• [DATASET EXTRACT]
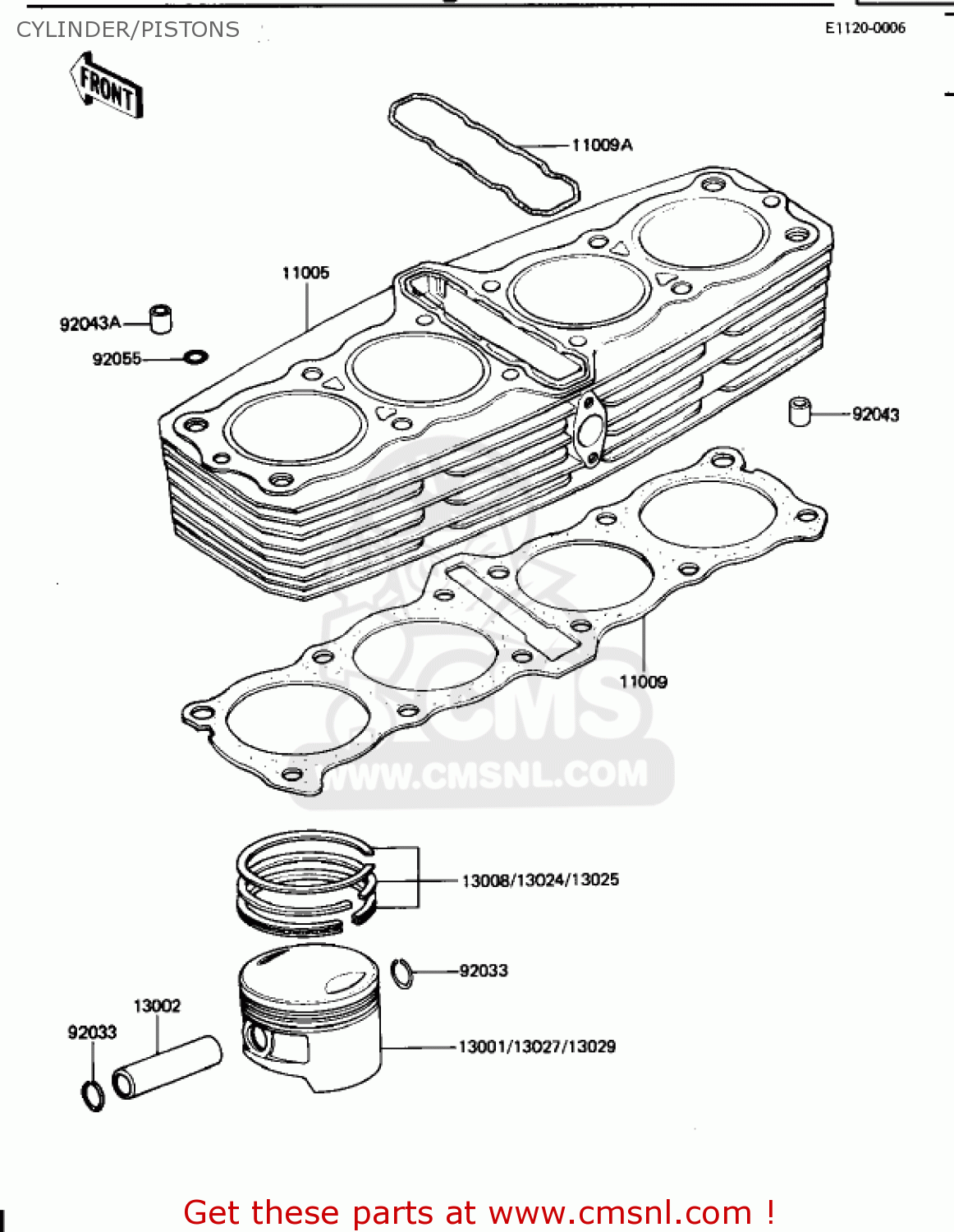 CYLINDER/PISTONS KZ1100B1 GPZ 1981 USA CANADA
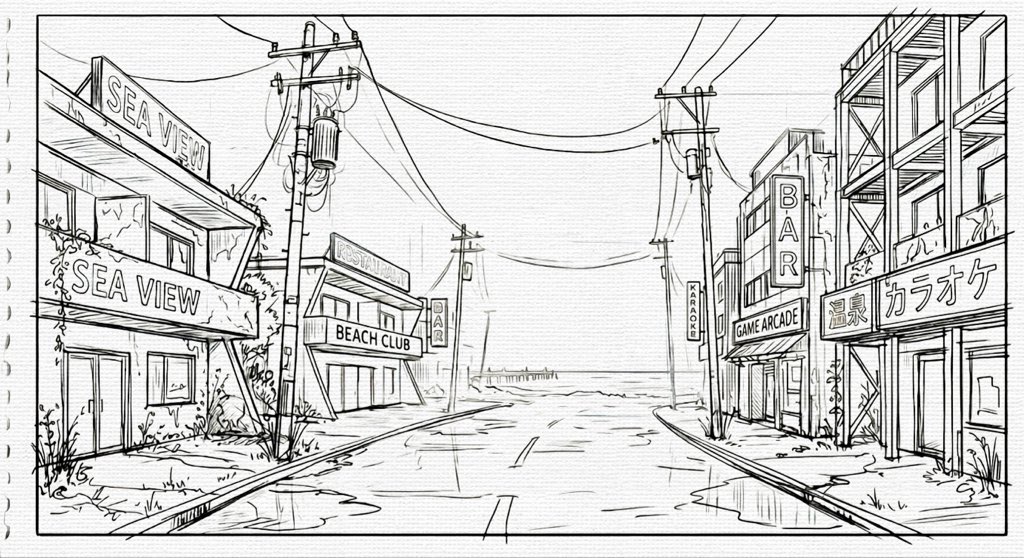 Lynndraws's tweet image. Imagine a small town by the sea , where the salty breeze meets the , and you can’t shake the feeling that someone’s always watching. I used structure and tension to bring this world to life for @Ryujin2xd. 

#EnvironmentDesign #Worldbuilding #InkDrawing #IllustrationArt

• [YOUR GOAL] The answer must be the full listing, restated word for word, with no pictures in it.

• [TASK ANSWER]
 CYLINDER/PISTONS KZ1100B1 GPZ 1981 USA CANADA
 Lynndraws's tweet image. Imagine a small town by the sea , where the salty breeze meets the , and you can’t shake the feeling that someone’s always watching. I used structure and tension to bring this world to life for @Ryujin2xd. 

#EnvironmentDesign #Worldbuilding #InkDrawing #IllustrationArt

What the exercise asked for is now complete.